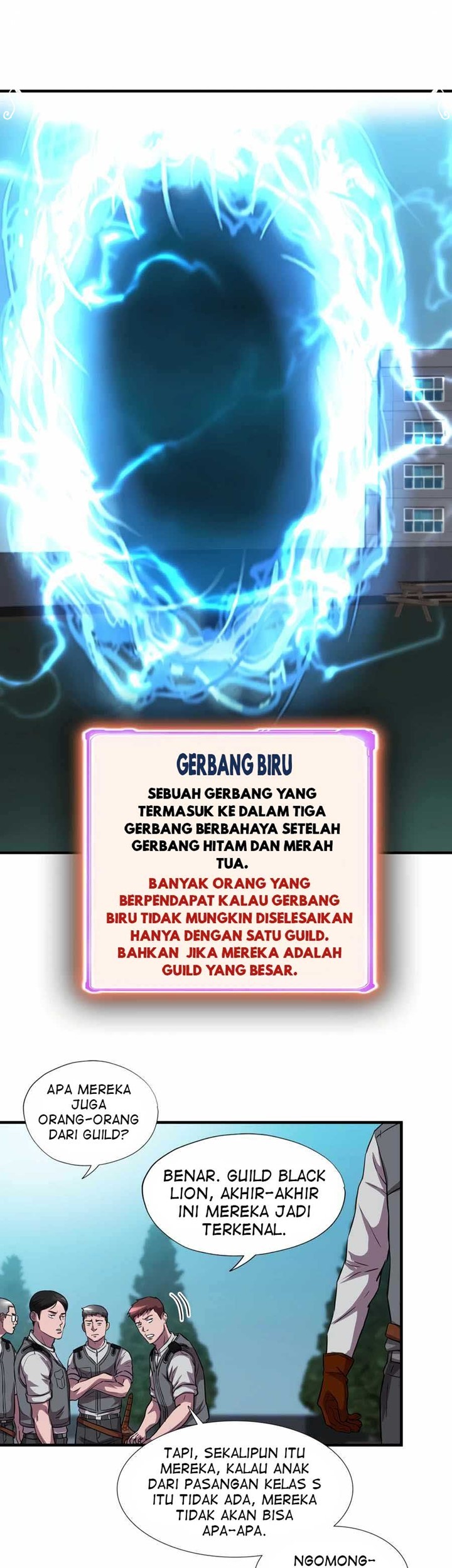 My Mom is My Constellation Chapter 32 - halaman 14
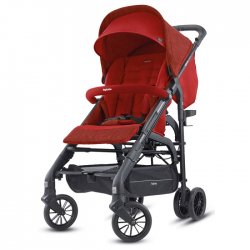 BRICK RED - Прогулочная коляска Inglesina Zippy Light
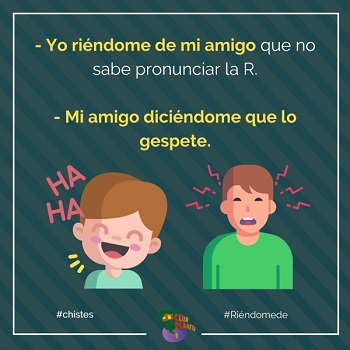 ri�ndome de...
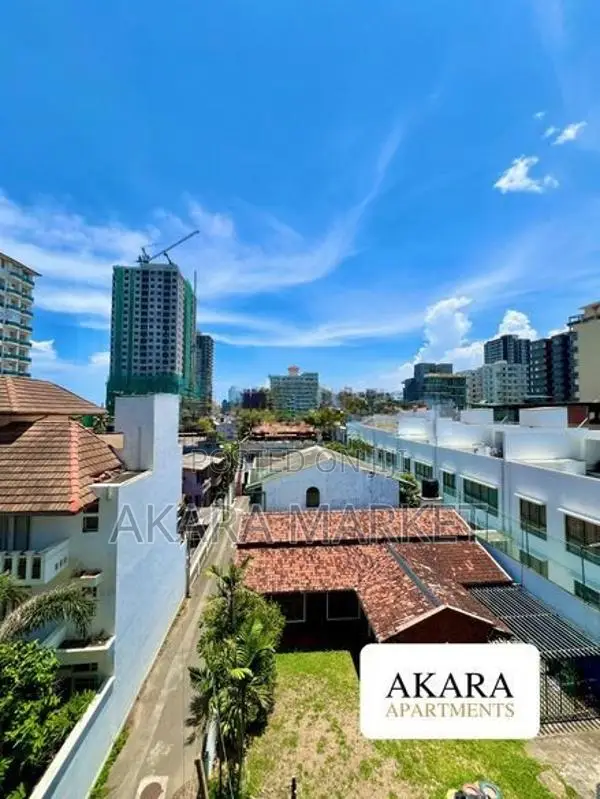 Rasika Ocean - Unfurnished Apartment For Sale A52099 Colombo 06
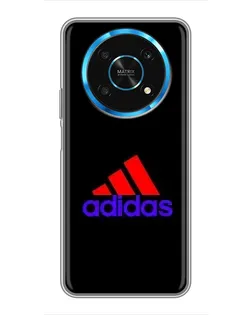 Чехол для Huawei Honor Magic 6 Lite 5G с картинкой «Классический Adidas»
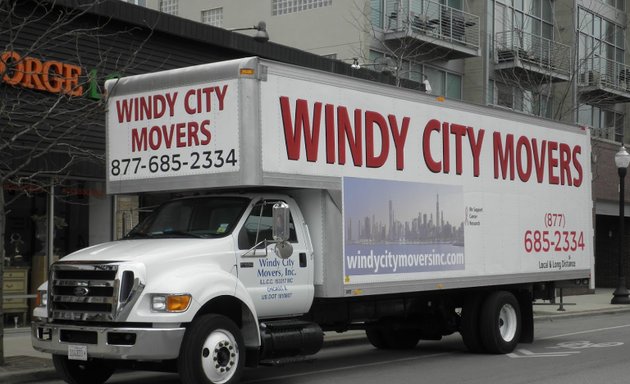 Photo of Windy City Movers, Inc.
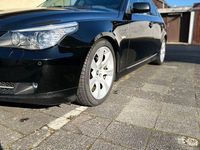 Gebraucht BMW 530 Performance 235 PS (172 kW) 2007 Schwarz Limousine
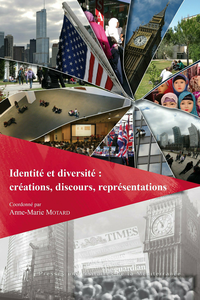 Livre numérique Identité et diversité : créations, discours, représentations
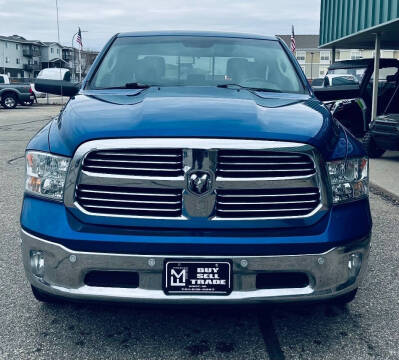 2014 RAM 1500 Big Horn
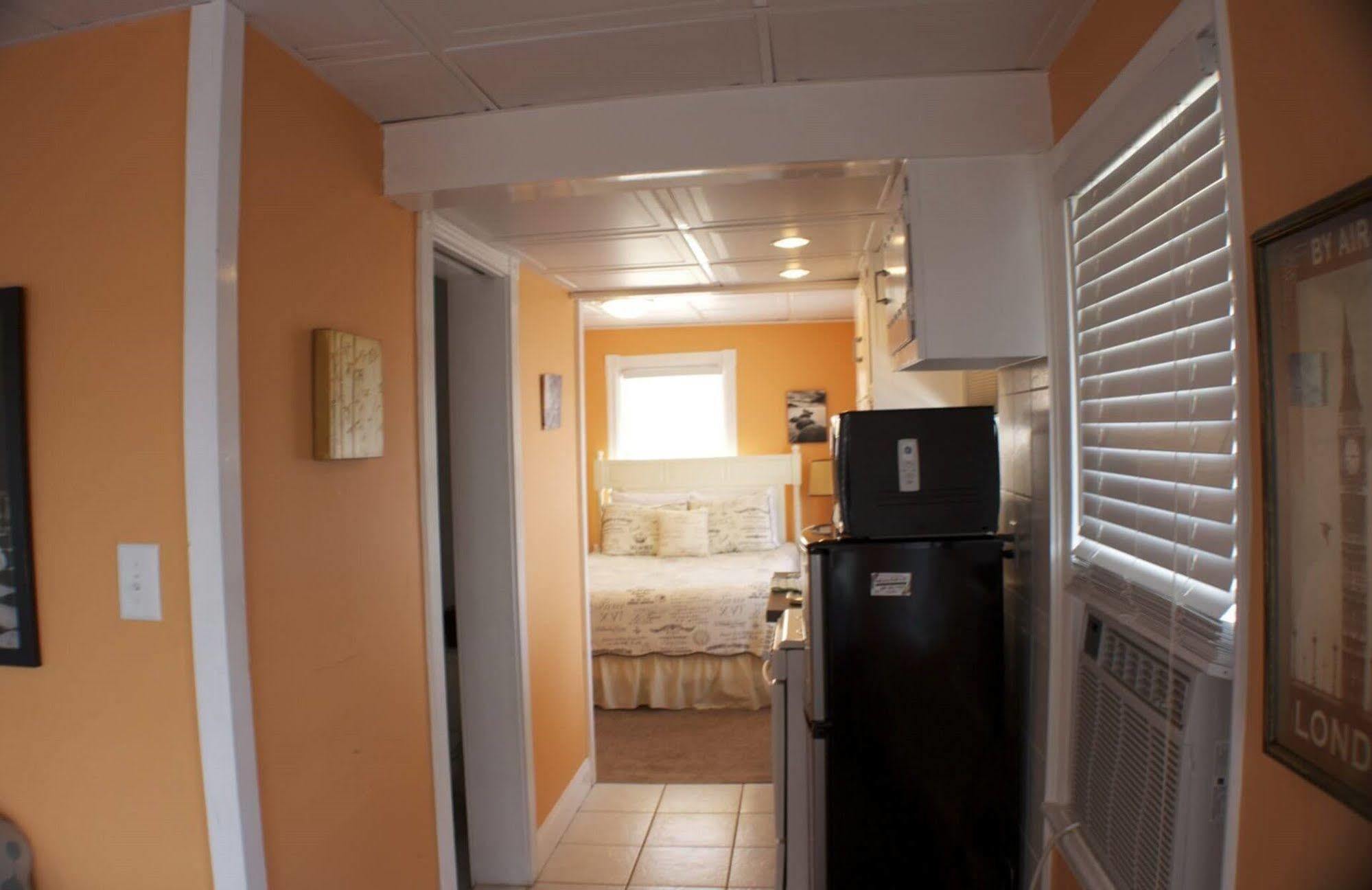 Ventnor Carisbrooke Inn Bed & Breakfast מראה חיצוני תמונה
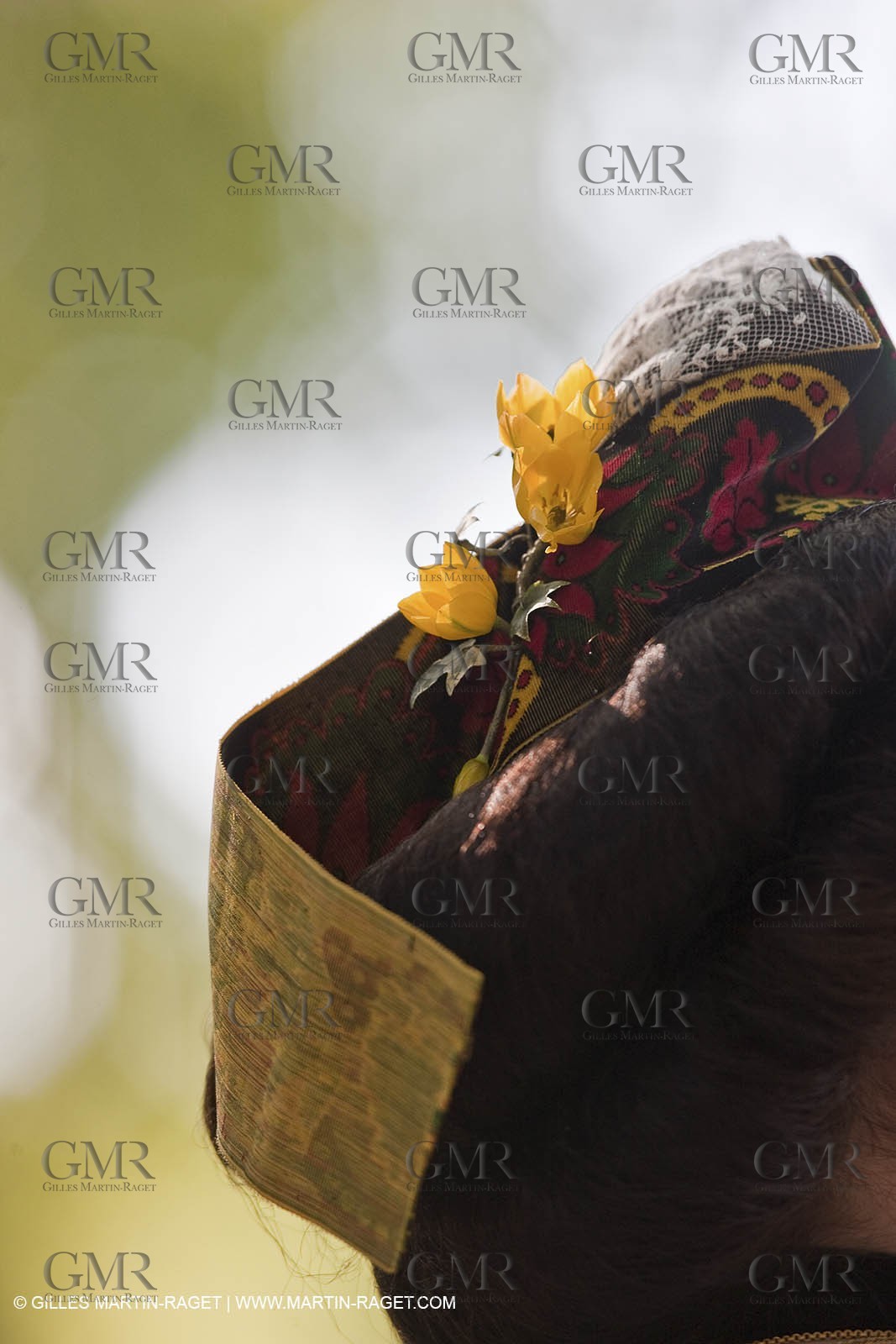 01 05 2009 - Arles (FRA, 13) - Gardians annual fest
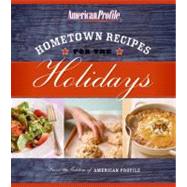 Hometown Recipes for the Holidays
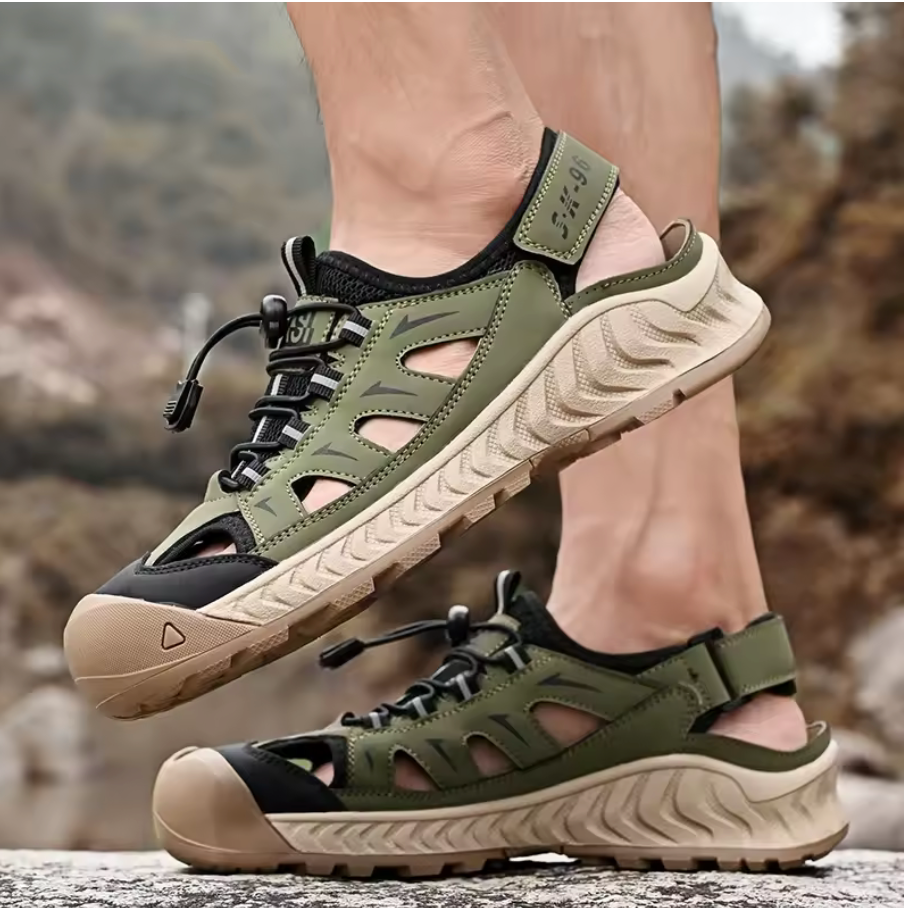 PREMIUM TRAIL SANDALS
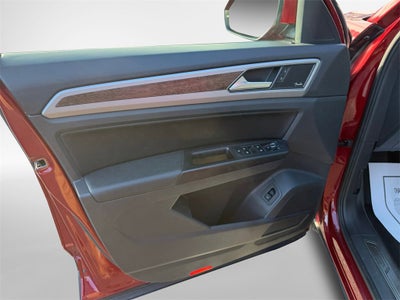 2018 Volkswagen Atlas 3.6L V6 SEL Premium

* **Directions for this task**
Please print the lines exactly, from the top of the material through the line with "Photo of Windy City Movers, Inc.", and omit the pictures.

* **Output of the task**
 My Mom is My Constellation Chapter 32 - halaman 14
 BRICK RED - Прогулочная коляска Inglesina Zippy Light
 ri�ndome de...
 Rasika Ocean - Unfurnished Apartment For Sale A52099 Colombo 06
 Чехол для Huawei Honor Magic 6 Lite 5G с картинкой «Классический Adidas»
 Photo of Windy City Movers, Inc.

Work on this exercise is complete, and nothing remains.